To build for coherence, a three-layer model is proposed, relating to the components of AI agents:

  • Layer 1: Latent Space [00:18:45] – The internal model structure, including concepts, weights, and activations.
  • Layer 2: Execution Layer [00:18:51] – Tools, APIs, and retrieval mechanisms, which bring external context for Layer 1. This includes aspects of Memory Management in AI.
  • Layer 3: Conversational Interface [00:19:00] – Where human intent and thought are passed to the machine, providing grounding for layers 1 and 2 to be actionable.

Building Principles

When building for coherence, key principles include:

  • Prompting as Interfaces: Prompts should not be considered “once off” but as a component in a system [00:19:19].
  • RAG for Grounding: Use RAG as “coherency anchors” to steer generation [00:19:26], as dense, relevant context acts like gravity [00:19:30].
  • Design for Emergence: Recognize that the system is not deterministic [00:19:37] and build around the “frame, generate, judge, iterate” loop [00:19:39].
  • Avoid Fragile Chains: Long reasoning chains can break coherence [00:19:44]. Instead, keep chains modular and reinforce context at each point [00:19:47].
  • Monitor for Breakdowns: Watch for changes in tone, structure, or flow as early signs of context loss [00:19:53]. These breakdowns indicate where to debug the system, potentially by adjusting chunk size in a vector database or integrating other tools [00:20:01].

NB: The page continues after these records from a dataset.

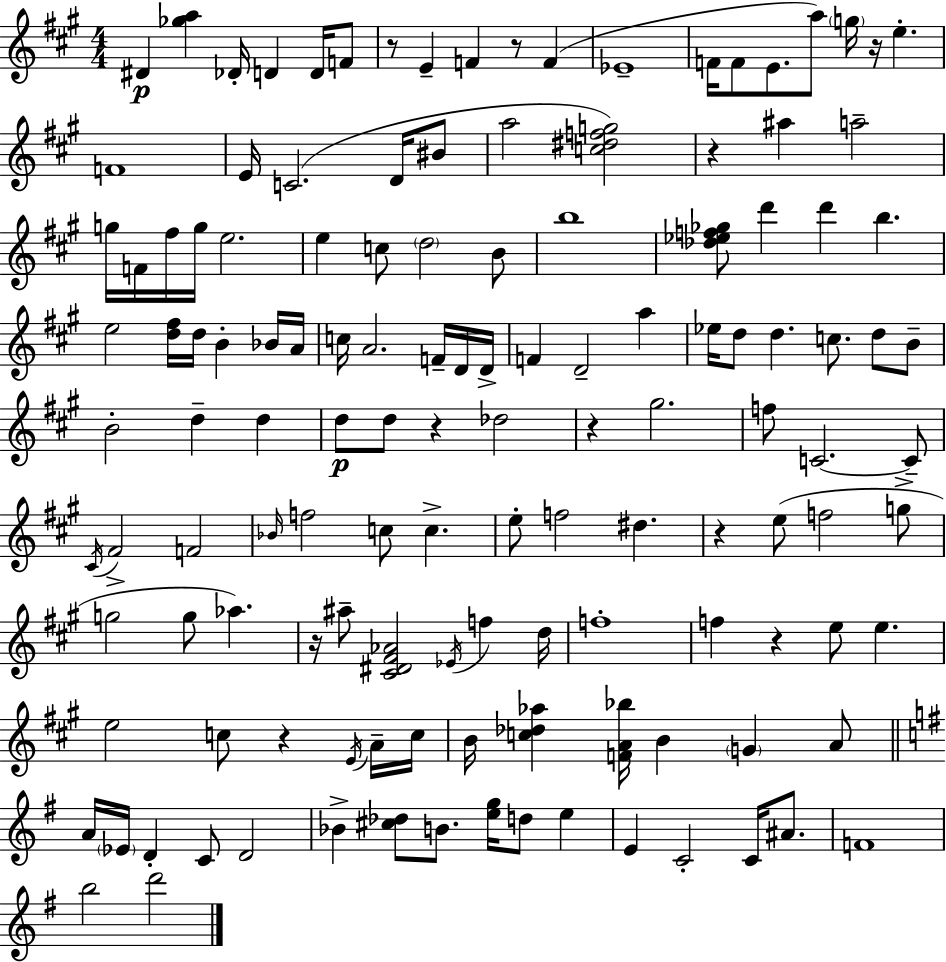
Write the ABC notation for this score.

X:1
T:Untitled
M:4/4
L:1/4
K:A
^D [_ga] _D/4 D D/4 F/2 z/2 E F z/2 F _E4 F/4 F/2 E/2 a/2 g/4 z/4 e F4 E/4 C2 D/4 ^B/2 a2 [c^dfg]2 z ^a a2 g/4 F/4 ^f/4 g/4 e2 e c/2 d2 B/2 b4 [_d_ef_g]/2 d' d' b e2 [d^f]/4 d/4 B _B/4 A/4 c/4 A2 F/4 D/4 D/4 F D2 a _e/4 d/2 d c/2 d/2 B/2 B2 d d d/2 d/2 z _d2 z ^g2 f/2 C2 C/2 ^C/4 ^F2 F2 _B/4 f2 c/2 c e/2 f2 ^d z e/2 f2 g/2 g2 g/2 _a z/4 ^a/2 [^C^D^F_A]2 _E/4 f d/4 f4 f z e/2 e e2 c/2 z E/4 A/4 c/4 B/4 [c_d_a] [FA_b]/4 B G A/2 A/4 _E/4 D C/2 D2 _B [^c_d]/2 B/2 [eg]/4 d/2 e E C2 C/4 ^A/2 F4 b2 d'2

Ultimately, LLMs are described as a “high-dimensional mirror” [00:20:17]. They do not understand or think but resonate through structure [00:20:26]. Their superpower is coherence, not intelligence, and the “magic happens in the collaborative dance” between human intent and the model’s pattern alignment [00:20:34]. The goal for developers should be to design for “structured resonance” [00:20:42].